To begin with interpretations of clauses done by the execution team were in conflict to understanding while drafting them into the contract. Stretched timelines became super-stretched timelines; senior consultants attempted to provide solace with no Plan B in case success eluded the team. The High tension meeting resulted in change of pace and “compromise” in favour of the customer. With new timelines cast, the pressure was on everyone; avoidable pressure as agreed by everyone present.
Why does delivery rarely match presales promises or timelines ? Are sales teams preconditioned to sell unreasonable timelines or commitments to bag orders from unsuspecting and gullible customers ? No, I am not calling the CIO names, but admiring the ability of the sales teams to sometimes get away with untenable contracts. I am also bewildered at the ability of delivery teams to squarely make a hash of even normal service delivery expectations. What causes history to repeat itself in almost every engagement ?

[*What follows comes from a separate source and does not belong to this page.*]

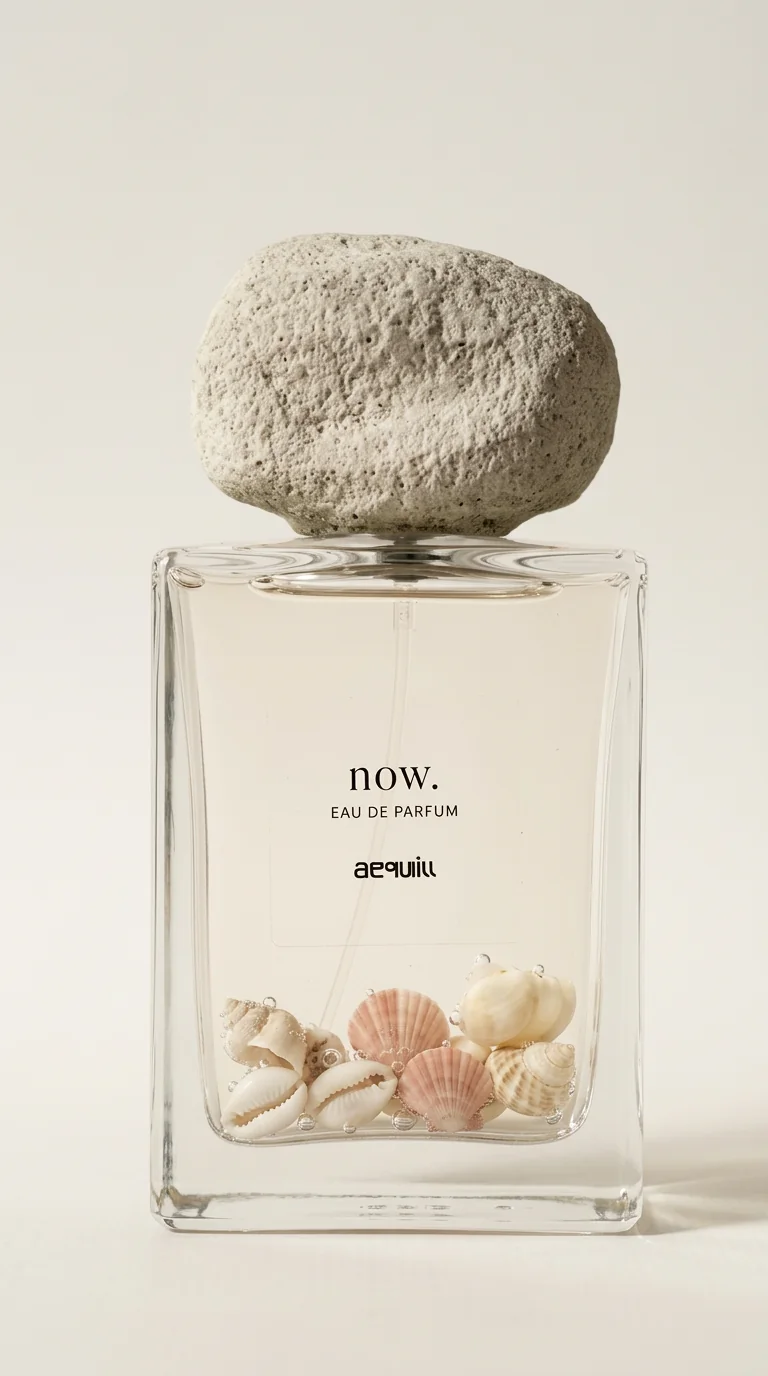 Salt Hour perfume bottle and sea shells on a pale studio surface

In this case, the CIO summed the case up with one phrase “lack of consistent communication across the ecosystem”. The presales team did not spend adequate time taking the transition team through each and every clause and expectation. The delivery team found significant differences on the ground to their assumptions which required change. The project lead busy fighting fire every day forgot that consistent communication is essential to setting expectation, managing perception and finally success.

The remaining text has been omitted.